Blue Jays visit Yankees as Andy Pettitte returns

Andy Pettitte returns from injury to make his first start in nearly three months Tuesday night when the New York Yankees host floundering pitcher Ricky Romero and the Toronto Blue Jays.
Andy Pettitte is 3-3 with a 3.22 earned-run average in nine starts for New York this season. (Jim McIsaac/Getty Images)

As one veteran has faltered of late, the New York Yankees are hoping another can deliver in his return.

Andy Pettitte makes his first start in nearly three months Tuesday night when the Yankees open a three-game series versus foundering Ricky Romero and the visiting Toronto Blue Jays.

Owning a 10-game lead atop the American League East at one point, it could have been argued the Yankees (83-63) might not have missed the 40-year-old left-hander that much after he suffered a fractured ankle on a line drive off the bat of Cleveland's Casey Kotchman on June 27.

But with CC Sabathia losing three of his last four starts as New York clings to a one-half game division lead, Pettitte (3-3, 3.22 ERA) will be thrown right into the mix after throwing 55 pitches in a simulated game last Tuesday.

Yankees manager Joe Girardi likely will limit Pettitte to 70 pitches, with David Phelps likely serving as a potential long reliever if necessary.

"I'm going to go out there, hope I can get in a good rhythm, have my command and I'll throw the ball well," Pettitte told the team's official website Monday.

"If I don't, if I'm walking guys and my command isn't good, I'm going to get hit, I'm going to get knocked around.
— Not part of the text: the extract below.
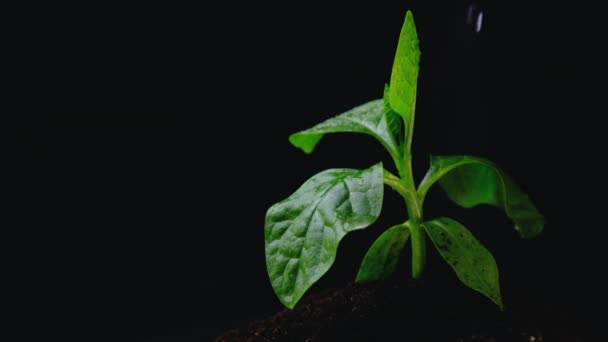 Jonge plant wordt geboren en groeit uit de grond op een zwarte achtergrond. Sapling en bladeren in de regen met kopieerruimte, nieuwe hoop voor omgeving of metafoor om te beginnen buisness concept. Wereldmilieu  - Video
That's just the way it is.

"Even though I've been out a couple months, I know what to expect and the Blue Jays are going to be ready for it. I'm looking forward to it being a battle and I feel like I'm ready for that physically and mentally."

Pettitte did not face the Blue Jays this year before getting hurt. He is 21-12 versus Toronto — his second-most victories against any team — but is only 6-7 in 19 home starts.

The Yankees seem to have found some solid footing of late, taking two of three from both Boston and Tampa Bay, capped by a 6-4 victory over the Rays on Sunday when Russell Martin's three-run home run highlighted a five-run third.

Derek Jeter likely will again serve as the designated hitter as he deals with an ankle injury. Eduardo Nunez is 4 for 13 with a homer and double in the last four games playing shortstop.

While the Yankees are counting on Pettitte, the only thing the Blue Jays (66-79) could count on with Romero (8-14, 5.87) over the past two-plus months has been losses.

Many, many losses.

Romero is 0-13 with a 7.91 earned-run average in 14 starts since beating Miami on June 22 and his losing streak has tied a club record established by Tom Underwood from Aug. 28, 1978-June 10, 1979. New York has made a significant contribution to Romero's stretch of misery, giving him three of those defeats by reaching him for 11 runs in 20 innings.

The left-hander's woes continued versus Seattle on Wednesday, when he allowed three runs and eight hits with four walks and was pulled after four-plus innings in a 3-2 defeat. Despite the ongoing futility, Blue Jays manager John Farrell refuses to give up on the pitcher who won 42 games his first three years in the majors.

"We're not abandoning Ricky Romero," Farrell said. "We're going to continue to work with him, we're going to continue to finish this year on a positive note and that is our intent going forward."

Romero is trying to avoid becoming the first pitcher to lose 14 consecutive decisions as a starter in a single season since Mike Parrott did so with the Mariners in 1980, accomplishing that dubious feat in 15 starts spanning April 15-Sept. 13, 1980.

Curtis Granderson, whose next home run will make him the first Yankee outfielder to have back-to-back 40-homer seasons since Mickey Mantle in 1960-61, is 4 for 21 with one home run and eight strikeouts versus Romero. Jayson Nix, though, is 7 for 12 with a double.